PROVIDED MATERIAL —
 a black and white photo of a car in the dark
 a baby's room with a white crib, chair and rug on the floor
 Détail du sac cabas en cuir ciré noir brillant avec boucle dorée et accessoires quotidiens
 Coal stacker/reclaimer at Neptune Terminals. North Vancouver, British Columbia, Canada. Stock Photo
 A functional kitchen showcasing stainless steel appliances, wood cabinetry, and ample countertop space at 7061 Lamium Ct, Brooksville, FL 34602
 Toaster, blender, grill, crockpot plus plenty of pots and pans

* * *

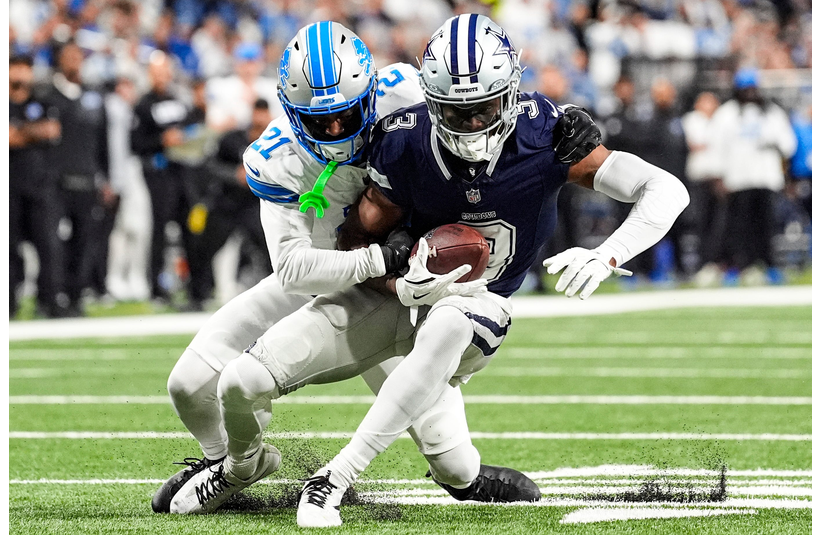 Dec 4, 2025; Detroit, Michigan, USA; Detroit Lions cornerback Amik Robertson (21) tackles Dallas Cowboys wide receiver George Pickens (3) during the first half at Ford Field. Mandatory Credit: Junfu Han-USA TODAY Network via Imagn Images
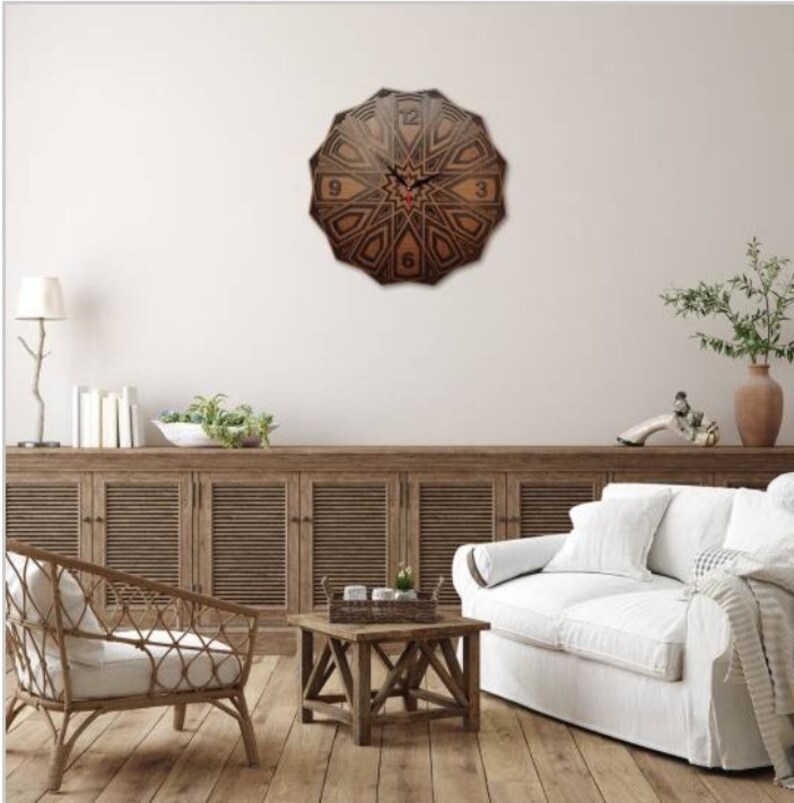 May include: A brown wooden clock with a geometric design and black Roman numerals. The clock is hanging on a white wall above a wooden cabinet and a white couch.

AIM OF THE EXERCISE — In the material above, which lines fall between the one holding "Dec 4, 2025;" and the one holding "May include: A", inclusive? Print exactly those, with the pictures left out.

WRITTEN SOLUTION —
 Dec 4, 2025; Detroit, Michigan, USA; Detroit Lions cornerback Amik Robertson (21) tackles Dallas Cowboys wide receiver George Pickens (3) during the first half at Ford Field. Mandatory Credit: Junfu Han-USA TODAY Network via Imagn Images
 May include: A brown wooden clock with a geometric design and black Roman numerals. The clock is hanging on a white wall above a wooden cabinet and a white couch.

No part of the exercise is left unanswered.